◆ What you have to do ◆
The answer should hold only the lines from the one containing "undefined One Light At Golden Bird 2" through the one containing "Hotel Albert I" in the entries below, copied exactly, without pictures.
- - -
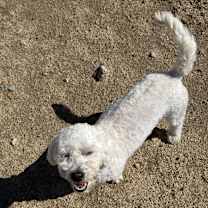 Thumbnail photo of Max #1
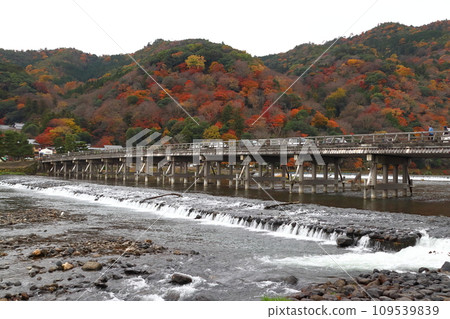 Katsuragawa River, Arashiyama, and Togetsukyo Bridge (Ukyo Ward, Kyoto City) with autumn leaves on a cloudy day Katsuragawa River, Arashiyama, and Togetsukyo Bridge (Ukyo Ward, Kyoto City) with autumn leaves on a cloudy day 109539839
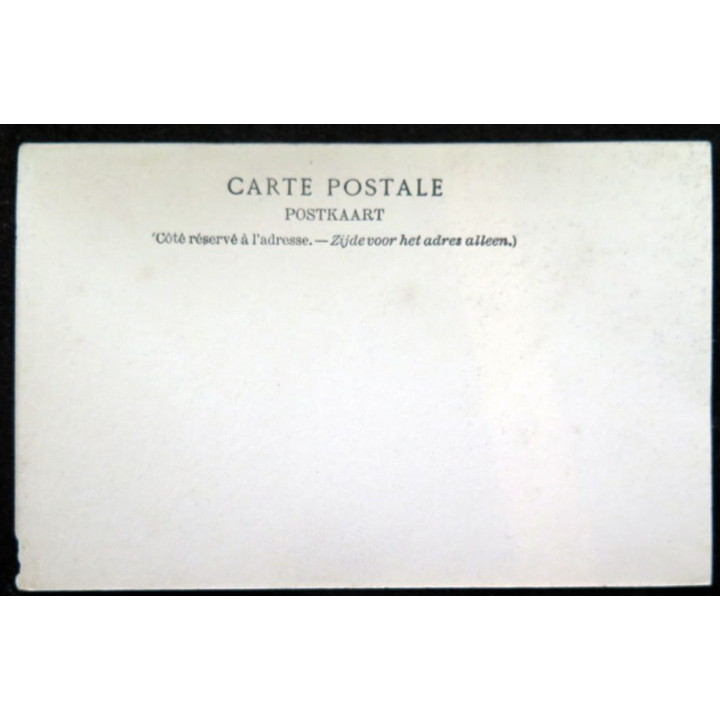 Carte postale 60 Bruges Le Minnewater (Lac d'Amour)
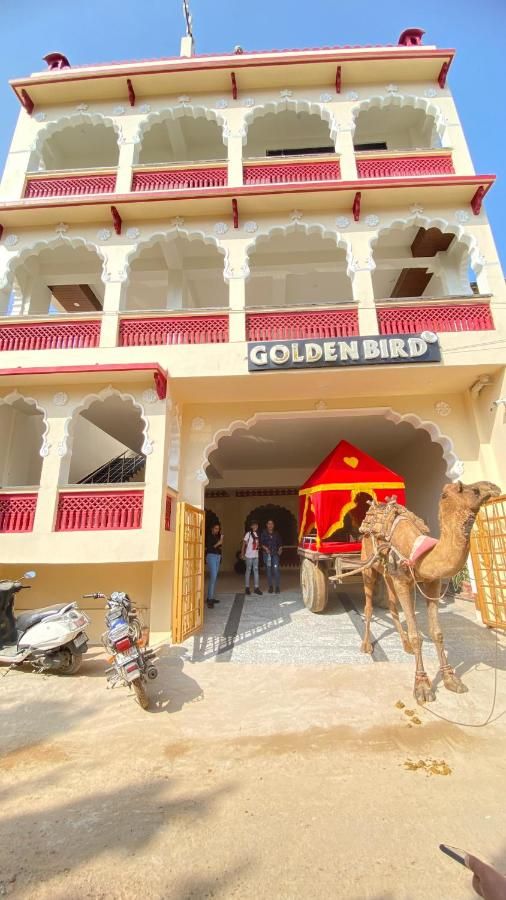 undefined One Light At Golden Bird 2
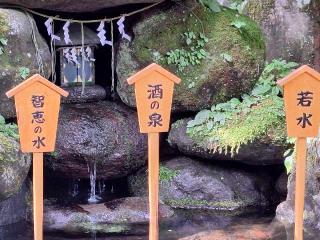 二荒霊泉（日光二荒山神社境内）の参拝記録(まーさんさん)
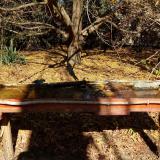 photo 2021-10-24 12-03-33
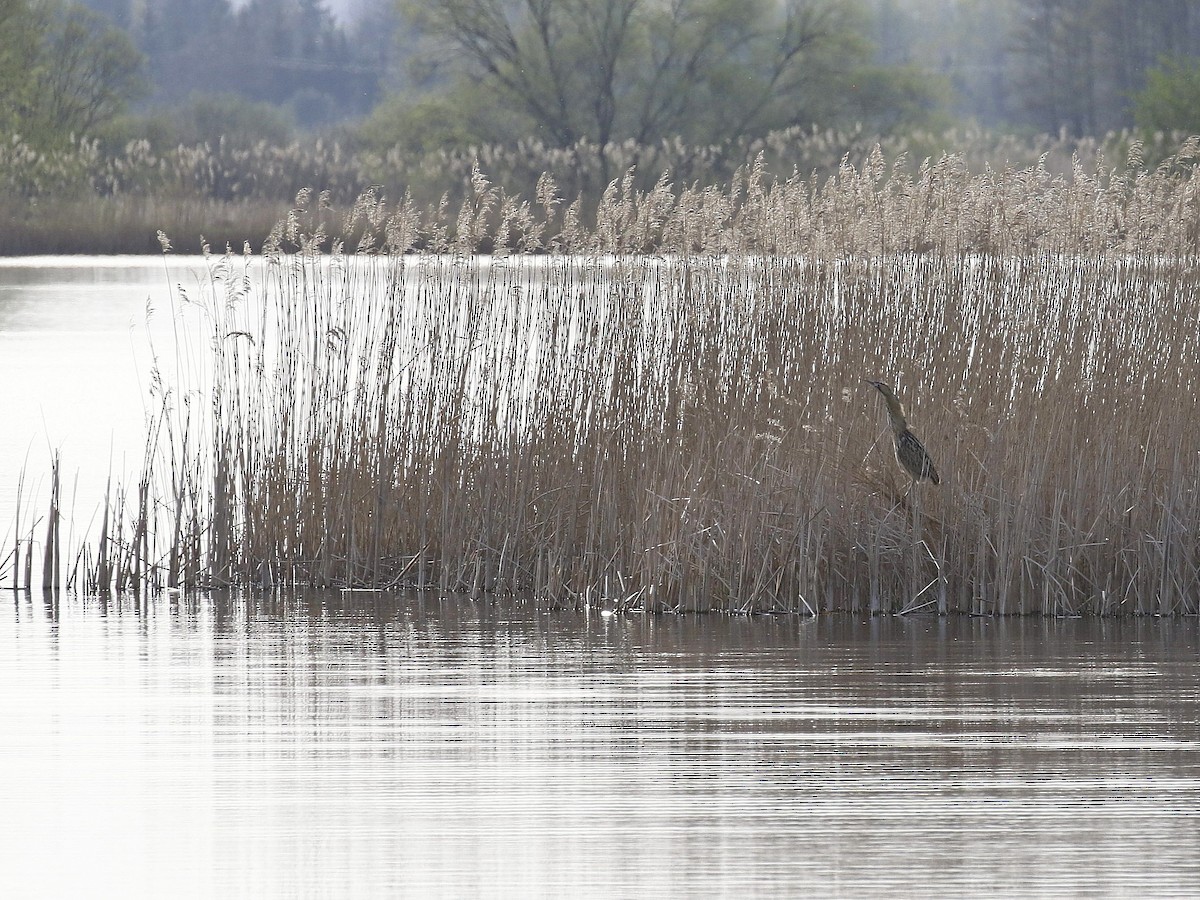 Great Bittern - Carlos Gutierrez-Expósito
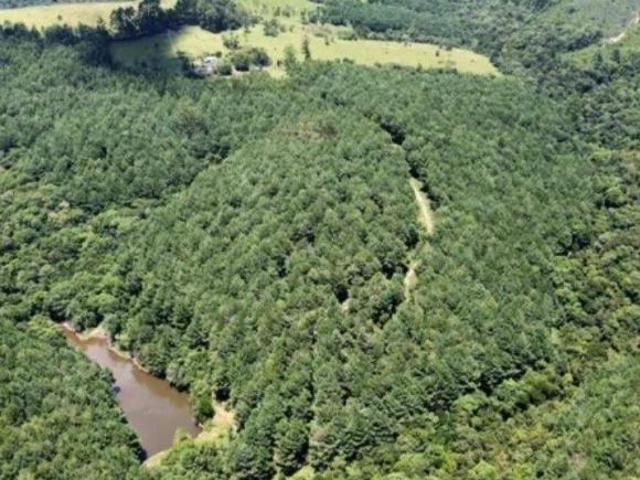 Fazenda Reflorestada de 111,6 Hectares em Arapoti PR Investimento e Lazer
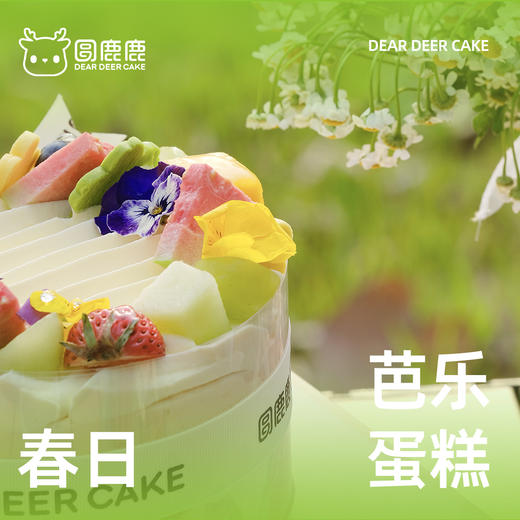 香缇芭乐 商品图2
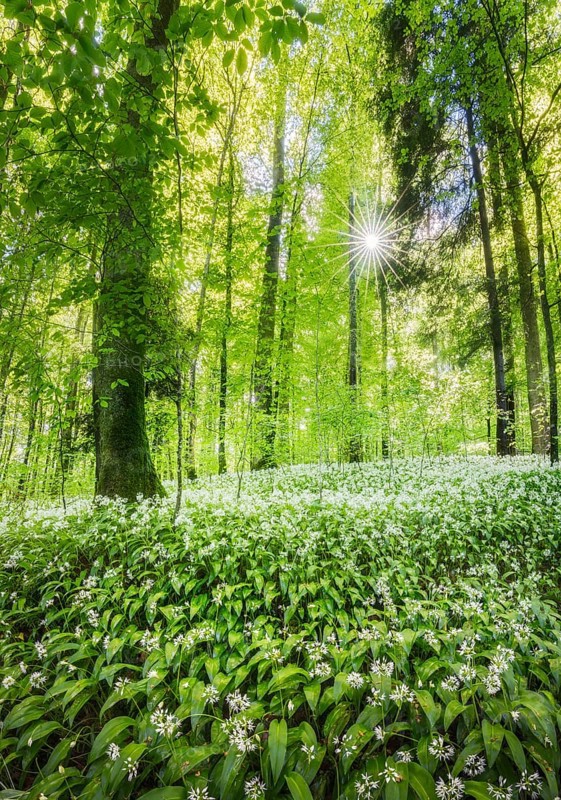 Flowering Ramsons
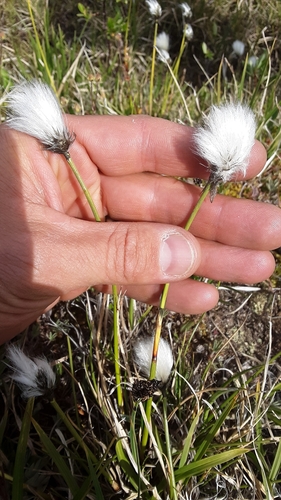 Image of Arctic Cottongrass (Eriophorum callitrix) by no rights reserved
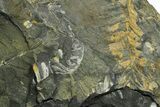 Fossil Seed Fern (Alethopteris) Plate - Pennsylvania #377519-1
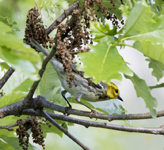 Black throated Green Warbler 6411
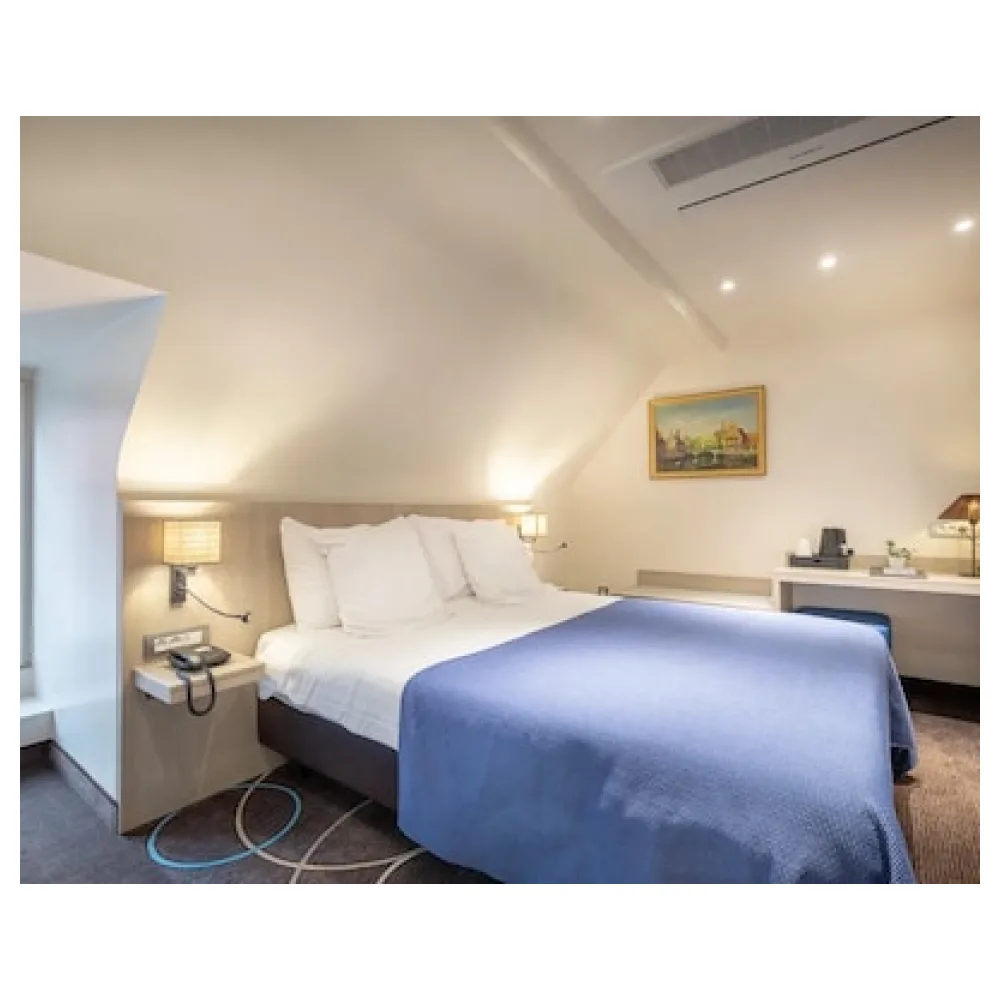 Hotel Albert I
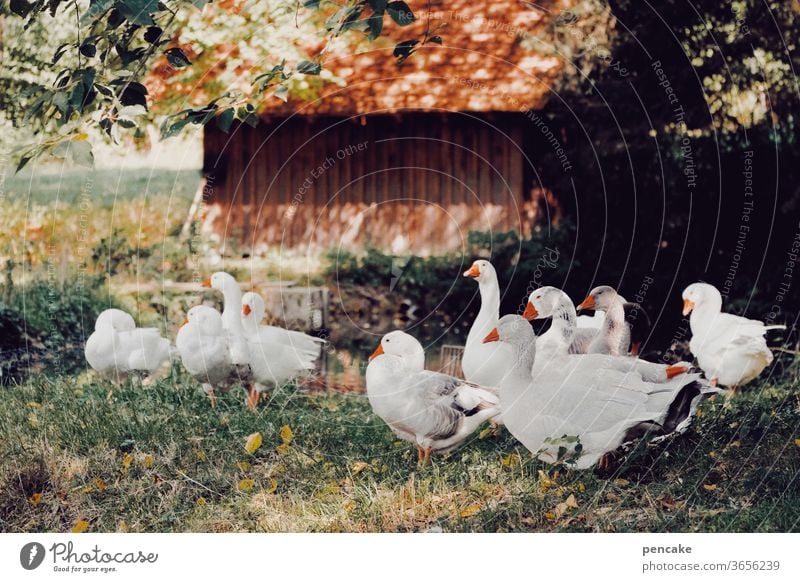 einen sommer lang Federvieh Gans Gänse Herde Sommer Bauernhof Hütte warm Gruppe Weihnachtsgans Schatten lagern Lager Tierporträt Wiese Nutztier Vergangenheit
- - -
◆ Answer to the problem ◆
 undefined One Light At Golden Bird 2
 二荒霊泉（日光二荒山神社境内）の参拝記録(まーさんさん)
 photo 2021-10-24 12-03-33
 Great Bittern - Carlos Gutierrez-Expósito
 Fazenda Reflorestada de 111,6 Hectares em Arapoti PR Investimento e Lazer
 香缇芭乐 商品图2
 Flowering Ramsons
 Image of Arctic Cottongrass (Eriophorum callitrix) by no rights reserved
 Fossil Seed Fern (Alethopteris) Plate - Pennsylvania #377519-1
 Black throated Green Warbler 6411
 Hotel Albert I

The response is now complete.